Venezuela is in the midst of an electricity rationing programme caused, acording to the government, by acute water shortages at the main hydroelectric dam. As the BBC's Will Grant reports from Venezuela, the power cuts are leading to traffic chaos.
Drivers in the Andean city of Merida are having a tougher time than ever negotiating its chaotic streets. Now that the Venezuelan government's electricity rationing programme is under way, many of the city's traffic lights aren't working.
"It's horrible," says taxi driver Luis Sanchez. "The electricity can be off for up to seven or eight hours a day and the traffic lights in the centre have basically collapsed."
The darkness has caused accidents across the picturesque city as well as long tailbacks.
"Sometimes it can take as much as 20 or 30 minutes to get past a single traffic light, particularly if there are no traffic cops on duty," says Mr Sanchez. "No-one wants to let anyone else through."
In the Venezuelan Andes, the effect of the blackouts has been absolute says Jose Villet, the editor of the Cambio de Siglo newspaper in Merida.
"The government doesn't want the cuts to reach Caracas, so all of the pressure has been placed on three states in the Andes."
For a principally agriculture and tourism-based economy, Mr Villet says the daily energy-saving measures have been catastrophic.
"We've seen major losses in productivity in this state especially in food and coffee production. There are fewer tourists here too.

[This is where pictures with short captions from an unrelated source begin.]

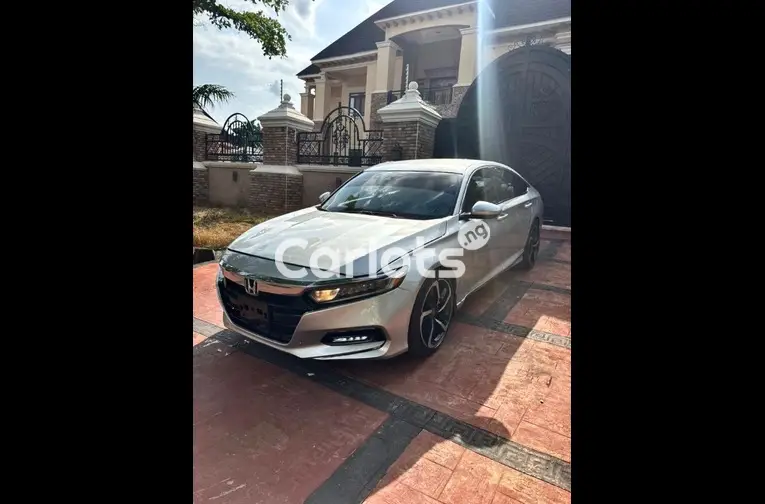 2019 HONDA ACCORD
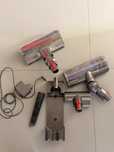 Dyson V8 - зарядно,накрайници и приставки за Dyson v8 ЦЕНА ДОГОВАРЯНЕ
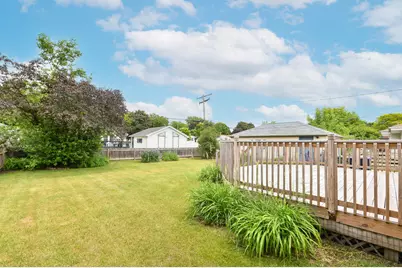 8100 W Lynmar Ter, Milwaukee, WI 53222 - Photo 25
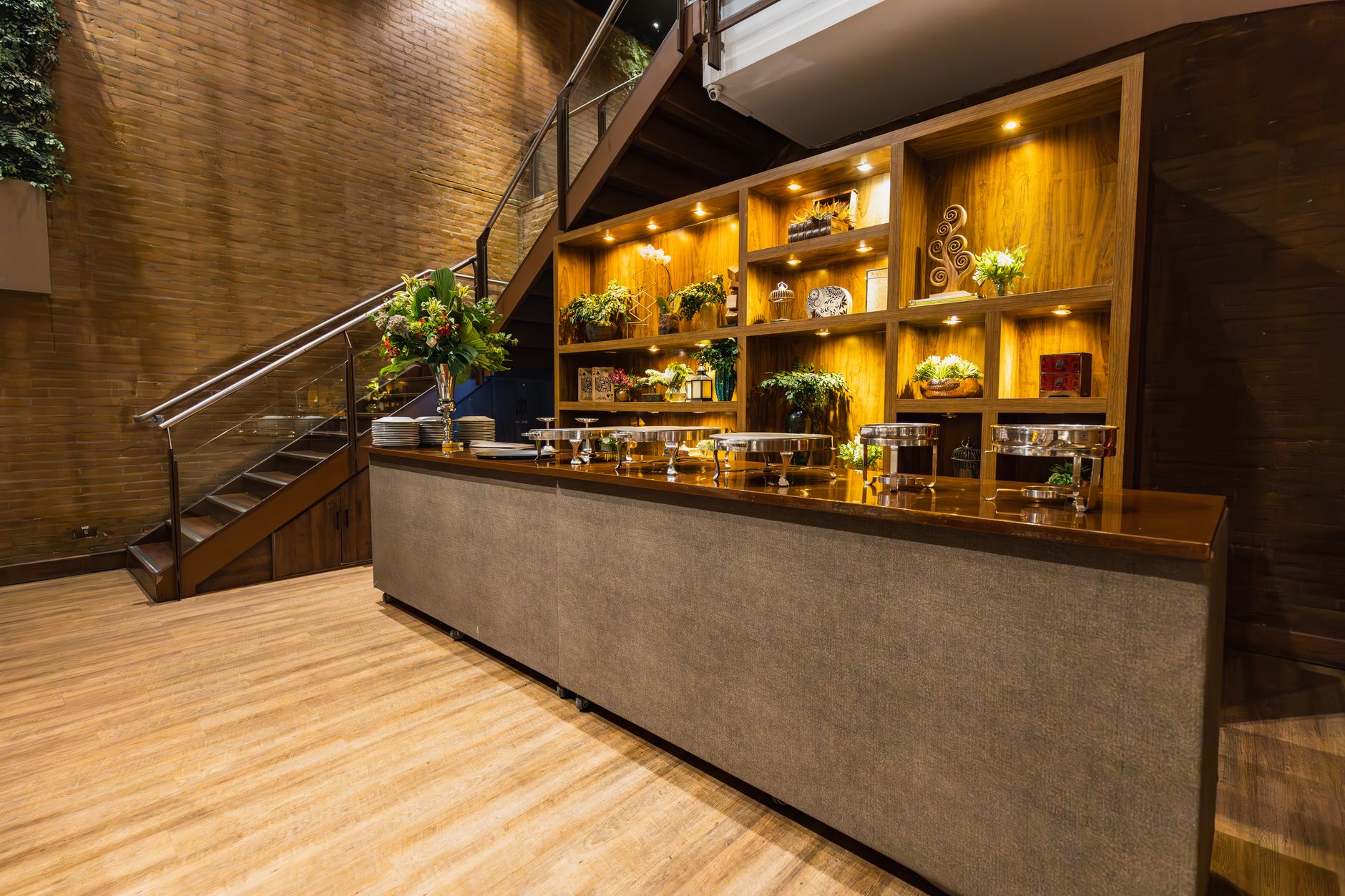 warm and inviting indoor event space decoration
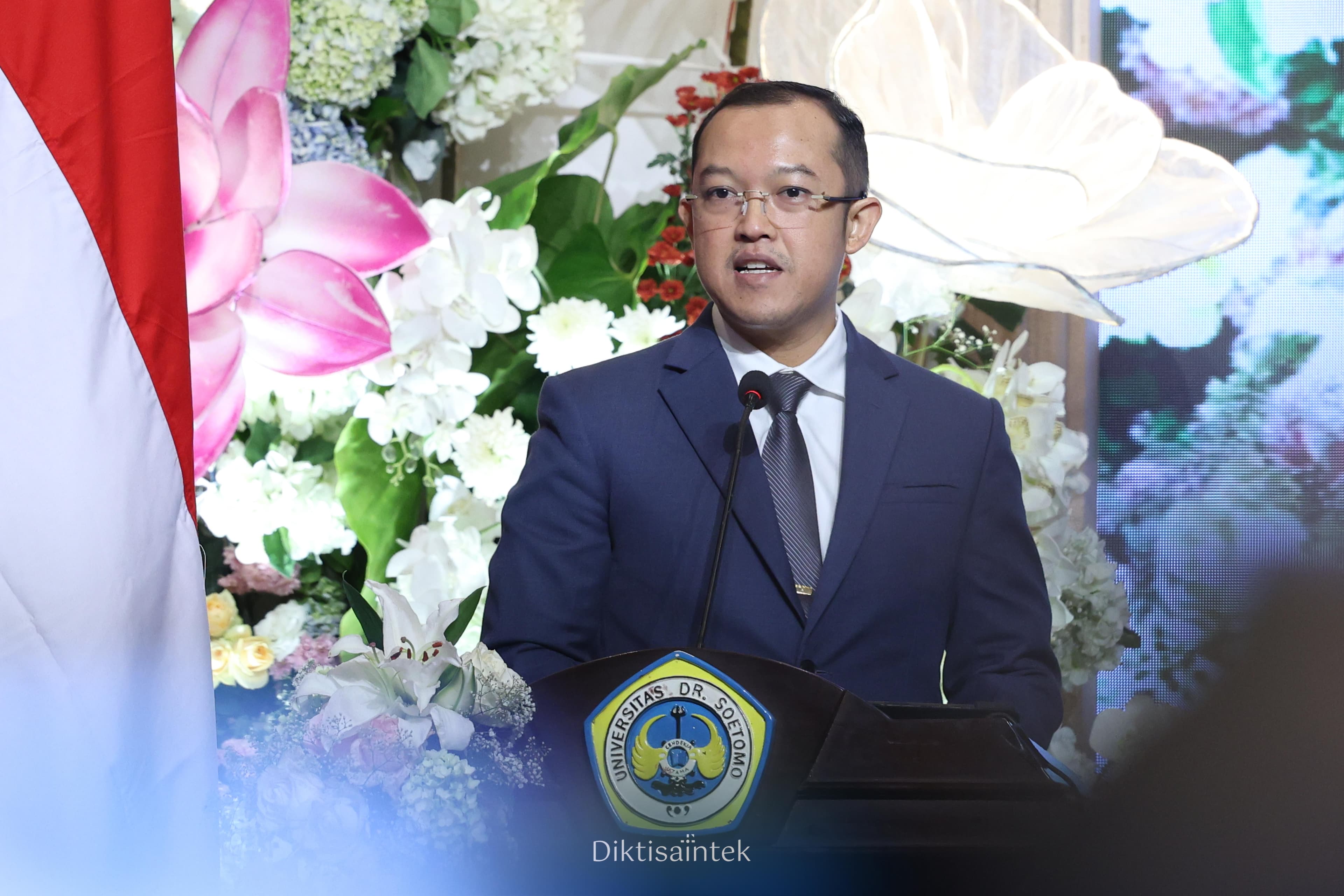 Sekjen Kemdiktisaintek Dorong Lulusan Kampus Siap Hadapi Perubahan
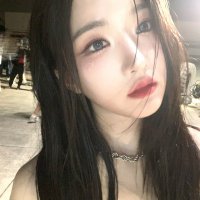 'saf (@yunyeonz) 's Twitter Profile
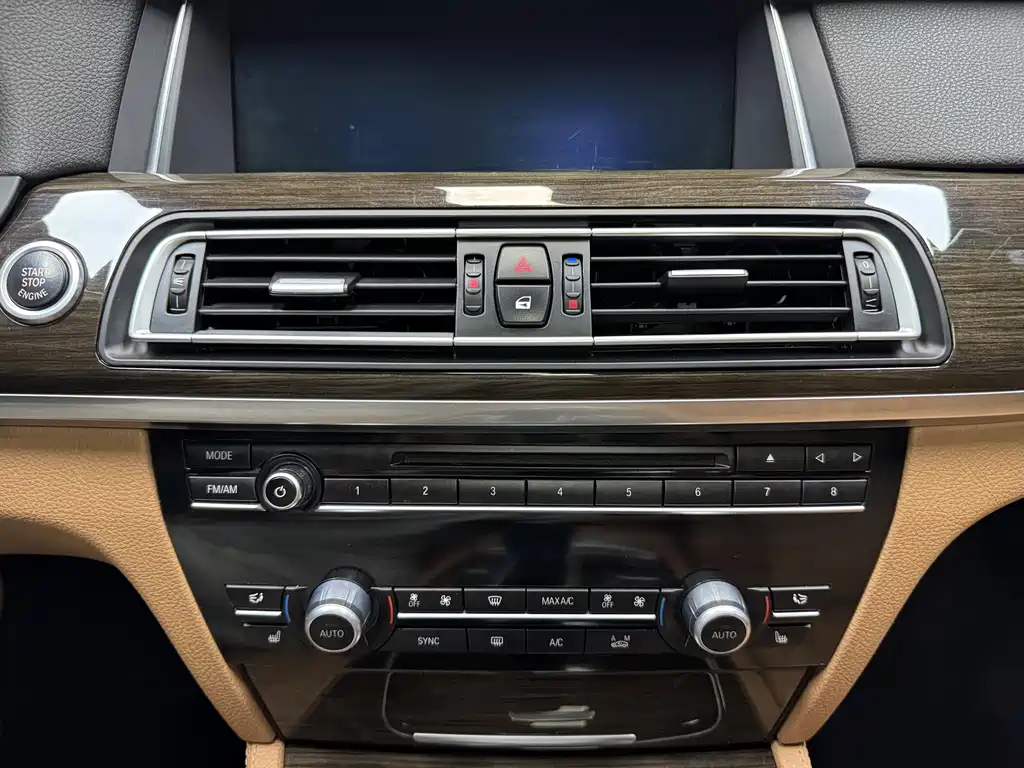 BMW 7 Series 2014 — фото 23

"Why would you go to a place where there's no electricity if you can take your holidays somewhere else? All in all, the regional economy has been badly damaged."
Added to the economic effects, the blackouts are also affecting the quality of life in the region.

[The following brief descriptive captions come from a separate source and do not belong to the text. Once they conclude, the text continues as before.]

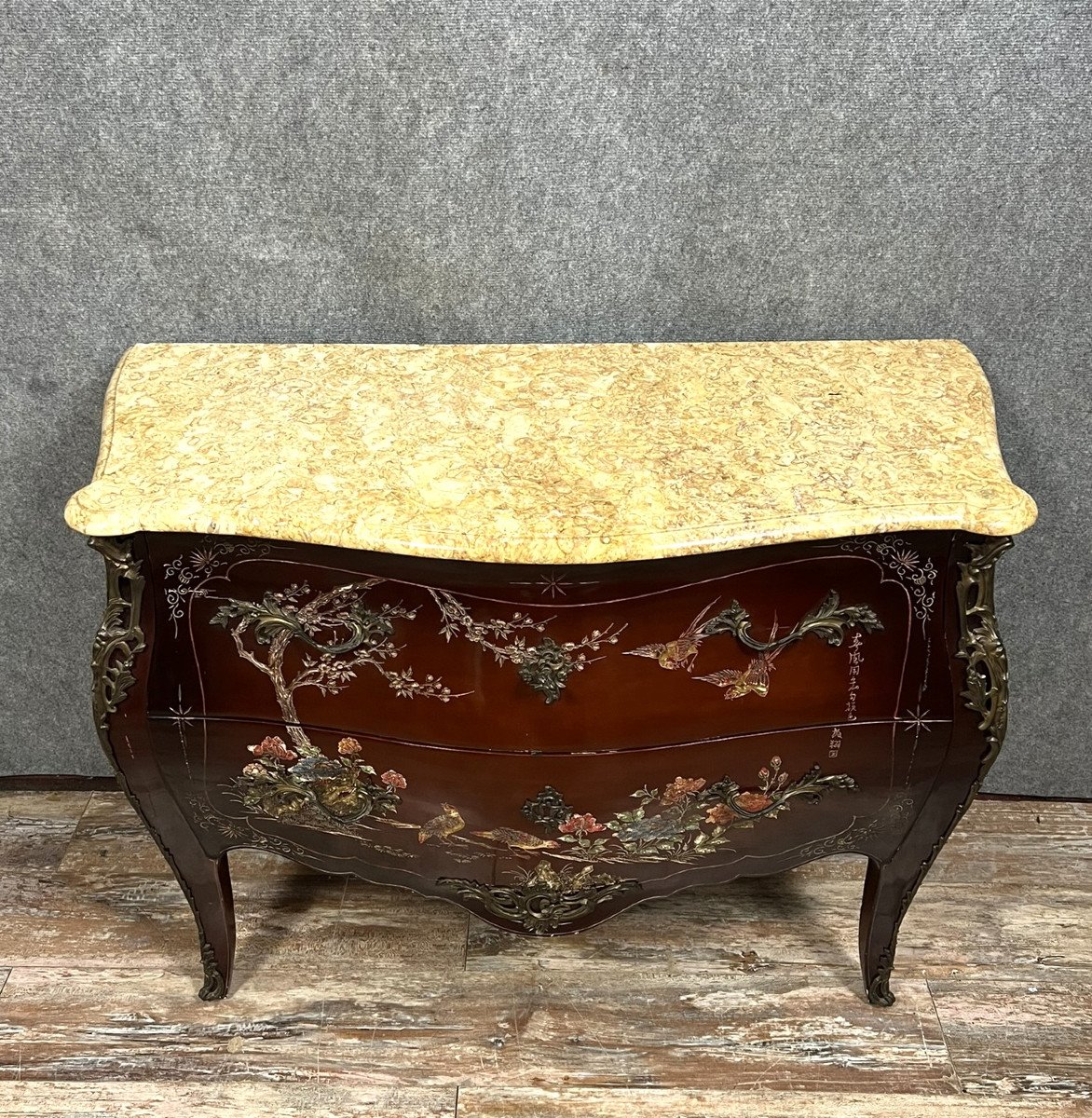 Curved Sauteuse Commode In Lacquer With Chinese Decor 20th Century (b)   -photo-1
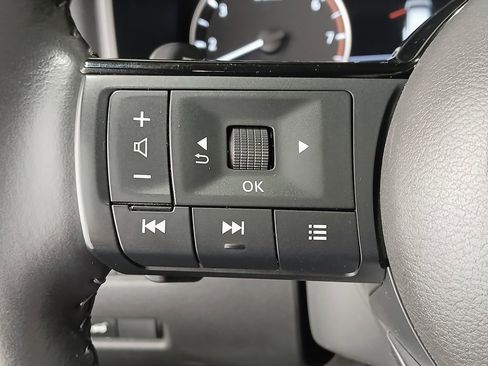 Used 2023 Nissan Rogue SL AWD/4WD image 28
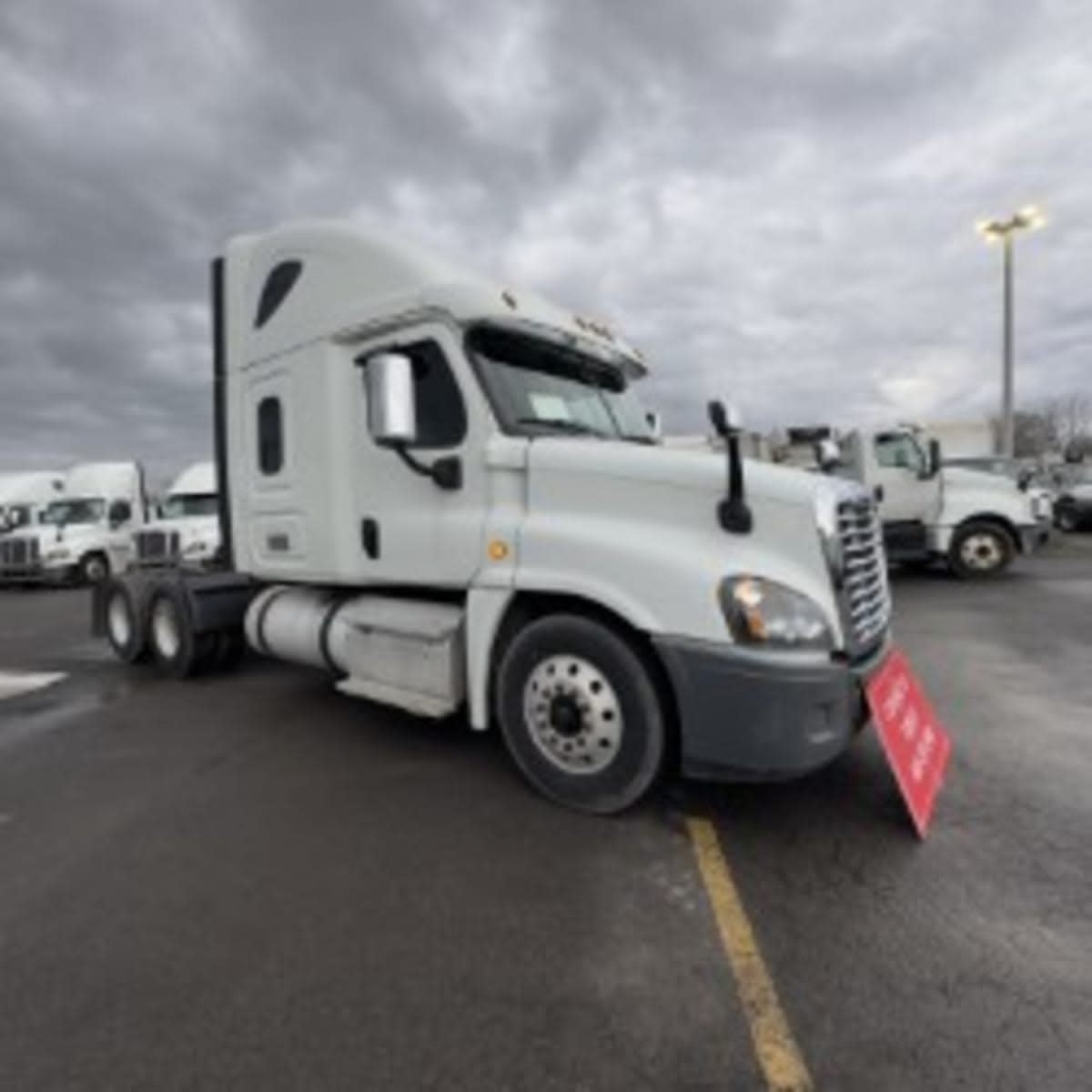 2019 Freightliner - image 1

Merida is an important centre of university education but many institutions are having to cancel classes.
Shopping centres and restaurants are often without power, and criminality on Merida's dark streets is on the rise.
In an effort to reduce the running costs of public buildings, the working day for state employees has now been cut in half.
And there has been a 200% increase in the sale of electrical generators, pumping out carbon monoxide into Merida's clean mountain air.
Dr Daniel Varnagy is an expert in electrical energy at the Simon Bolivar University.
"We're in a moment of deep crisis and it will be very difficult to reverse," he says.
"To construct another dam which is needed to generate more hydroelectrical power would take a minimum of three to five years.
"The alternatives, such as wind or solar power, just don't apply here with the scale of the problem."
The government of President Hugo Chavez says the current energy crisis is down to dangerously low levels of water in the country's main hydroelectric dam, Guri, in the south.
The Guri dam provides 70% of domestic electricity consumption. The water is around 10m below its normal level.
Jesus Farias is a former member of the Chavez government and one of the president's most vocal supporters.
"The problems at Guri are fundamental to this situation - it's a crisis of climatic conditions which is also being felt in other nations," says Mr Farias.
The government is doing what it can to alleviate the situation, he says, including flying cloud-bursting planes over the region to provoke rains.
"There are important investments being made to try to deal with this, but it's going to take time. Of course there have been mistakes, and the government has duly recognised them.
"But this is a temporary interruption in supply and within three or four months it will be solved," says Mr Farias.
But others - including Dr Varnagy - accuse the current administration of failing to read the warning signs.
"This is a problem which dates back over the past 20 years of government - 11 of which have been under President Chavez," he says.
"When he first came to office, I was part of a group of experts from the public utility companies which put together two proposals for his new government: maintenance of existing infrastructure and investment in new electricity generation and transmission.
"It would appear that those proposals were ignored."
At midnight in Venezuela, the national anthem is played on state television.
For many, it is now the moment when the televisions fall silent and the lights go off, the start of their four-hour energy rationing programme.
They are the lucky ones, for whom the cuts occur during the night rather than working hours.
Last week, President Chavez went on state television at midnight to announce that Caracas would be spared from the blackouts, minutes before they were due to start.
"There have been technical errors and poorly taken decisions," the president admitted, adding that he had sacked the country's electrical energy minister, Angel Rodriguez.
In September, Venezuelans go to the polls in legislative elections. The issue of electricity is expected to play a significant role in the vote, epecially as the blackouts come on top of other problems in basic infrastructure, such as water rationing, and a recent currency devaluation.
"Common sense tells you that there may well be a punishment vote against Chavez and the United Socialist Party," says Dr Varnagy.
"But you must remember that for many President Chavez is like a messiah and they will excuse this situation and continue to vote for him."
Meanwhile, the country continues to function as best as it can in the dark.
"You have to drive more carefully, especially at the crossroads," says Luis Sanchez from his taxi in Merida.
"I've seen accidents on almost every corner."